The photoelectrochemical properties of the samples were characterized by a typical three-electrode electrochemical cell with an electrochemical analyzer (Zennium, Zahner, Germany). The as-prepared films, Pt sheet and Ag/AgCl electrode were used as the working electrode, the counter electrode and the reference electrode, respectively. Hereafter, the electrode potential is reported relative to the reversible hydrogen electrode (RHE), which is converted from the Ag/AgCl electrode using: E_RHE = E_Ag/AgCl + 0.6 V.⁵⁰ The photoelectrochemical measurements were carried out in 0.2 M Na₂SO₄ solution (pH = 7) under AM 1.5 G illuminations. An ultraviolet filter (λ > 400 nm) was used to remove UV irradiation. The voltage linear scanning speed was 20 mV s⁻¹. The Mott–Schottky plots were obtained at the AC frequency of 1 kHz, and the electrochemical impedance spectra (EIS) were measured at 1.4 V (vs. RHE) with the AC frequency of 100 mHz to 10 kHz. Meanwhile, the incident photo to current conversion efficiency (IPCE) was measured with the system consists of a xenon lamp light source (LSH-X150), a monochromator (Omni-λ300), a data collection system (DCS300PA) and a Si detector (QE-B3).

3. Results and discussion

3.1 Characterization of the synthesized photoanodes

The XRD patterns of WO₃, g-C₃N₄/WO₃ and g-C₃N₄ are shown in Fig. 1a. It was observed that WO₃ was indexed as monoclinic tungsten oxide (JCPDS data card no. 43-1035), while two broad diffraction peaks around 27.1 and 13.6° were observed for pure g-C₃N₄, corresponding to the (002) and (100) diffraction planes, respectively. The former is attributed to the long-range interplanar stacking of aromatic units, which corresponds to the interlayer distance of 0.327 nm; the latter with a much weaker intensity, is associated with interlayer stacking, which corresponds to a distance of 0.681 nm.³⁴ There is not any noticeable change in the phase by an introduction of g-C₃N₄, because the concentration of g-C₃N₄ was too low to be detected by XRD. No other peaks can be seen except for the FTO substrate in the composite heterojunction films.
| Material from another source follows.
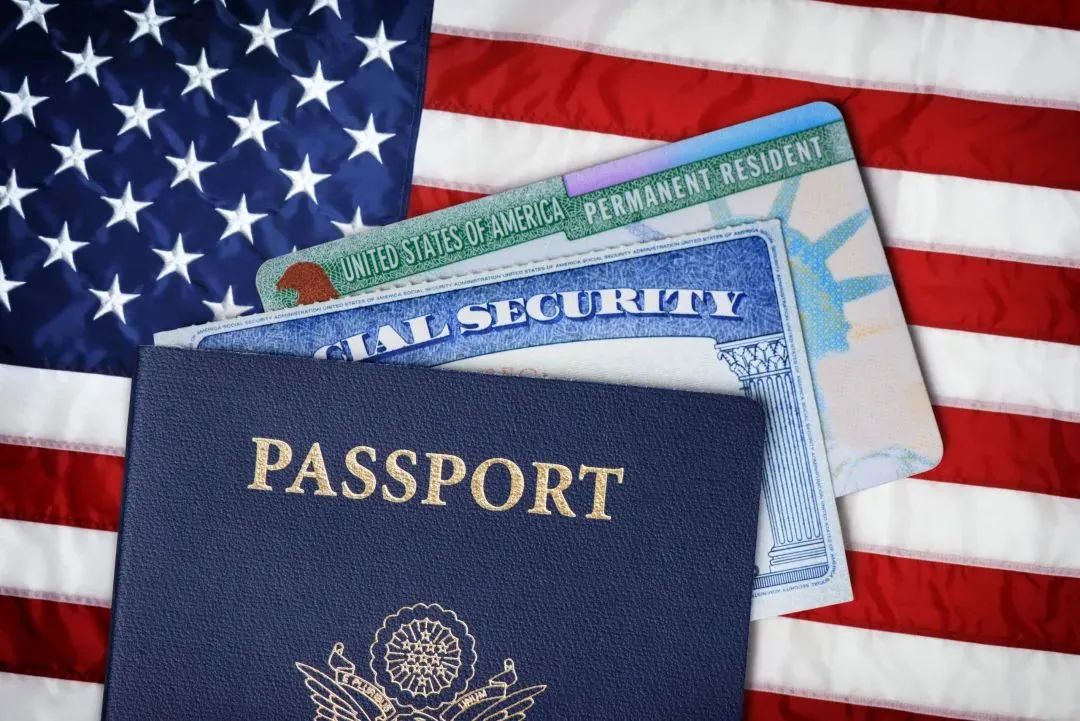 重磅！美国移民局新规：绿卡入籍更容易！大批华人激动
Fig. 1 XRD patterns (a) and FT-IR spectra (b) of the g-C₃N₄/WO₃ heterojunction films.

Fourier-transform-infrared (FT-IR) spectra were employed to further confirm the composition information of g-C₃N₄/WO₃ composite, as indicated in Fig. 1b. The pure g-C₃N₄ is associated with the characteristic absorptions at wavenumbers of 1245, 1321, 1415, 1569 and 1631 cm⁻¹. The stretching vibration of C–N heterocyclics is reflected in the region of 1240–1590 cm⁻¹. The absorption peaks at 1321 and 1631 cm⁻¹ are attributed to both C–N and C=N stretching modes, respectively.⁵¹ When combined with WO₃, the characteristic absorptions of g-C₃N₄ for g-C₃N₄/WO₃ heterojunction are not noticeable, maybe due to its very low content. However, two new absorption peaks appear around 1112 and 2920 cm⁻¹, which demonstrates the existence of interactions between chemical bonds of pure g-C₃N₄ and pure WO₃.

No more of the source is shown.